観察研究に基づく因果推論は「よほど共変量についての先行研究が積み上がっていないかぎり、バイアスを取り除いたと言い切るのが大変に難しい」という事情があります。
なので私はweb業界というスピーディな業界にあって、観察研究的なアプローチが必要になったときに「因果関係についてどの程度言及すべきか?どれぐらい強い主張をしてもいいのか?」についてそれなりに悩んできました。

そのときに考えたこと、読んだ記事などについて記します。

良い共変量とは?

白米の健康上のリスク*1を啓蒙していらっしゃるので有名な(?)津川友介さんのブログの統計的因果推論に関する記事が大変面白いです。

healthpolicyhealthecon.com

疫学者の中にはPSモデルには交絡因子だけ含まれていれば良いと考えている人達がいます。(中略)しかし、ルービンによるとPSモデルには交絡因子とアウトカムの予測因子の両者が含まれている必要があります。

これと似た点は因果推論の赤い本*2でも言及されていて、この本のp123では次の記述があります。

「割り当てに強い関連がある変数」よりも、「従属変数に強い関連がある変数」を共変量として選ぶほうが因果効果の推定が偏りが少なく、かつ推定量の分散が小さくなる

言われてみればそりゃそうか、と思える指摘です。RCTをするにしても傾向スコア分析をするにしても、「共変量の分布を揃えてバイアスを取り除くこと」を目的にしているため、アウトカムに重大な影響を与える因子が存在するなら、共変量を考慮する上で見逃されないべきなんですね。

ビジネスの問題に関する共変量の選択が難しい件について

私はCtoCのweb系企業に勤めていますが、先行研究が積み上がっているわけでもなく、因果推論にふんだんに時間を割けるわけでもなく、現実的に「強く因果関係を主張できるほどの分析」は行えていません。
とはいってもスピーディに因果関係について意見が欲しい!と頼まれる機会はあるので、「単なる回帰分析よりは、やや因果に近い主張ができる」というレベルを目指すことにしています。
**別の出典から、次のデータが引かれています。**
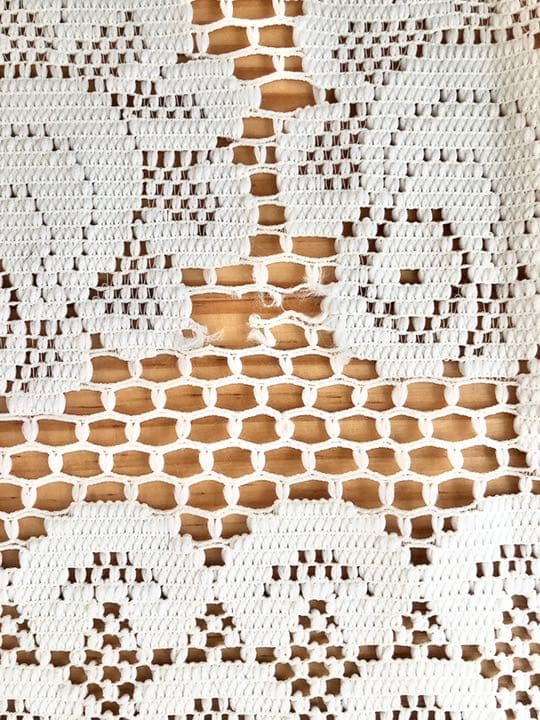 【美品】フランスアンティークレーステーブルクロス　リネンクロシェレースクロス♪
ドメイン知識に照らして「それってこういう交絡因子が想定できるんじゃない?」という想定ツッコミを削っていくイメージです。

考慮されていなかった共変量を利用して解析を行なっていくことこそが、人文社会学や疫学などの分野で因果関係を徐々に明確化していくことに繋がると期待される

上記は因果推論の赤い本のp129の記述です。おそらくこの考え方に近いのでは、と思います。